Verify that the certificate is trusted by the client.  See http://wiki.pentaho.com/display/EPAM/Testing+SSL+with+AEL, the sections on creating a trusted cert and importing it into the java keystore. 

ClassNotFound involving jersey classes

See http://wiki.pentaho.com/display/COM/AEL+and+Spark+Library+Conflicts

I get "javax.websocket.DeploymentException: Connection failed". when I try to run a transformation on AEL Spark from PDI.

Make sure that AEL Daemon is running, and you have specified the correct hostname and port in Run configurations.

You can check this by opening the URL for AEL Daemon in the browser: e.g. https://localhost:53000. This should open an error page saying something like "This application has no explicit mapping for /error, so you are seeing this as a fallback.".

I get "Yarn application has already ended!  It might have been killed or unable to launch application master."

One of the root causes of this error is the inability for the AEL Daemon to launch the Spark Application.  Double check configuration files.  If running in a secured environment please make sure that the user submitting the Spark application is a user on the cluster.  For example if you run as `suzy`then `suzy` must be a user on each node in the cluster.  LDAP is a mechanism that could assist in keeping accounts in sync across systems.

I get "Broken pipe exception".

Make sure that output was created correctly. Further investigation needed, the error points to problem in communication between PDI and Daemon.

I see no values in Input and Output columns in Step Metrics in PDI.

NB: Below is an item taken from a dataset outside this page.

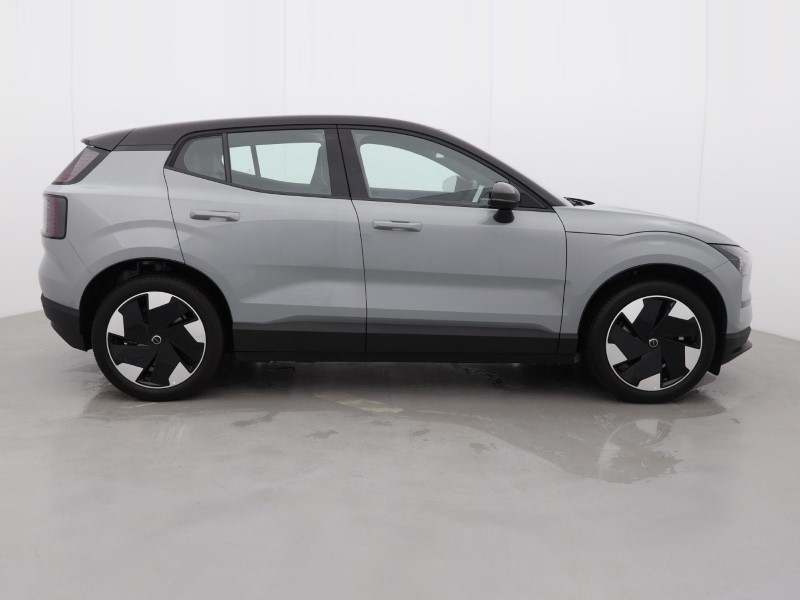 2025 (75) VOLVO EX30 200kW SM Extended Range Plus 69kWh 5dr Auto *VAT QUALIFYING* 4830088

This is still not implemented. AEL Spark only populates Read and Written columns. The difference between Read/Written vs Input/Output is:

I get error when trying to compile AEL Daemon: DaemonMainTest.testGreetingEndpoint » IllegalState Failed to load ApplicationC...

Port 53000 may already be in use. You could define a port in the tests so it will not use 53000, that way if you are currently running the daemon you can still run the tests.

Try adding `ael.unencrypted.port=52000` into the `application-test.properties`. The test server would then start up on 52000, But the application would use 53000.